InterDyn: Controllable Interactive Dynamics with Video Diffusion Models
We adress the task of synthesizing human-object interactions in image space. Given an input image and a motion cue (e.g., a sequence of hand masks), InterDyn generates plausible videos that realistically capture human motion and its interaction with objects in the scene. This work demonstrates how foundation models can serve as neural physics engines, generating realistic scene dynamics without the need for explicit physical simulation.
Object collision events
We start our investigation by probing the ability of SVD to generate interactive dynamics using the synthetic CLEVRER dataset. We examine whether the model can produce object movements for uncontrolled objects in the scene, given the movement of objects entering the scene. For instance, determining how an object would move if struck by another.

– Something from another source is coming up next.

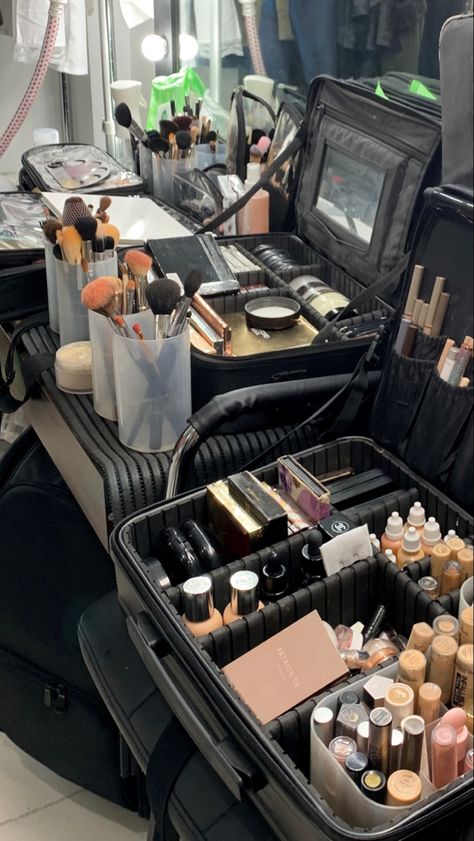 Makeup Artist Career, Beauty School Cosmetology, Rangement Makeup, Vision Board Pics, Vision Board Images, Makeup Artist Kit, Career Vision Board, Vision Board Photos, Vision Board Pictures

Compared to ground truth physics-simulated renderings, InterDyn synthesizes dynamics that are physically plausible without explicit knowledge of the objects’ mass or stiffness.
InterDyn can also generate force propagation dynamics, where uncontrolled objects interact with each other.
InterDyn can generate realistic motions under counterfactual scenarios, where different interaction configurations lead to different causal effects—much like a physics simulator.
Hand-Object Interaction
We continue by evaluating InterDyn in a more complex, real-world scenarios offered by the Something-Something-v2 dataset. Originally proposed for human action recognition and video understanding, this dataset provides 220,847 videos of humans performing basic actions with everyday objects.
Sudhakar et al. recently proposed CosHand, a controllable image-to-image model based on Stable Diffusion that infers state transitions of an object. We compare InterDyn with two CosHand variants: a frame-by-frame approach and an auto-regressive approach.